Action item
Give again the entries below exactly, beginning at the first line and ending at the line with "Close-up of a".

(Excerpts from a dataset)
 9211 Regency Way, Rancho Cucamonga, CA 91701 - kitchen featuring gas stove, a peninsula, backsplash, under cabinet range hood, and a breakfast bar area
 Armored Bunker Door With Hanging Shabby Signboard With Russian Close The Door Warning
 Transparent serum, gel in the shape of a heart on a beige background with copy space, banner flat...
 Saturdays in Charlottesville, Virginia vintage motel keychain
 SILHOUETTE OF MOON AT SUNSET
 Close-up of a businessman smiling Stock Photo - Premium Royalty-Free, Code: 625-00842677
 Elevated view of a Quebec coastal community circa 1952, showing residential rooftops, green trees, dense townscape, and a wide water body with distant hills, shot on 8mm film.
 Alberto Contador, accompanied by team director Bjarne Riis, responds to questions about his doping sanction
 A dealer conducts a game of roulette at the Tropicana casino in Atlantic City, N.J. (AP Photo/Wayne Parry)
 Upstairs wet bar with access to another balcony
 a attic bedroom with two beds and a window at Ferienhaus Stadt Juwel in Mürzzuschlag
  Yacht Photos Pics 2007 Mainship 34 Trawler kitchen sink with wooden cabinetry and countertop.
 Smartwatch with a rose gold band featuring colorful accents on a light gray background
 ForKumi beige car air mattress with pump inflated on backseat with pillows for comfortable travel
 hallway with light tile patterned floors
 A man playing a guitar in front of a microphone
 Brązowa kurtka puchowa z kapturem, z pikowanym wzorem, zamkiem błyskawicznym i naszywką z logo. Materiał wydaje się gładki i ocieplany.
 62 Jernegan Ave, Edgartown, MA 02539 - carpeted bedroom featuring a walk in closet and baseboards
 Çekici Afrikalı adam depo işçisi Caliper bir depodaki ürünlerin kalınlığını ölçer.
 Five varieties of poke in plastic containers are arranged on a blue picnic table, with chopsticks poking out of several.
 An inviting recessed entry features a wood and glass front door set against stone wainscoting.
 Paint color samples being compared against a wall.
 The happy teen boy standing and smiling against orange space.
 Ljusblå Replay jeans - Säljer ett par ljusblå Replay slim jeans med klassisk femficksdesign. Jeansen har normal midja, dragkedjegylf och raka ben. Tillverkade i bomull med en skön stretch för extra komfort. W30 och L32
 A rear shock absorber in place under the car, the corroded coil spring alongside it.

Solution to the exercise
 9211 Regency Way, Rancho Cucamonga, CA 91701 - kitchen featuring gas stove, a peninsula, backsplash, under cabinet range hood, and a breakfast bar area
 Armored Bunker Door With Hanging Shabby Signboard With Russian Close The Door Warning
 Transparent serum, gel in the shape of a heart on a beige background with copy space, banner flat...
 Saturdays in Charlottesville, Virginia vintage motel keychain
 SILHOUETTE OF MOON AT SUNSET
 Close-up of a businessman smiling Stock Photo - Premium Royalty-Free, Code: 625-00842677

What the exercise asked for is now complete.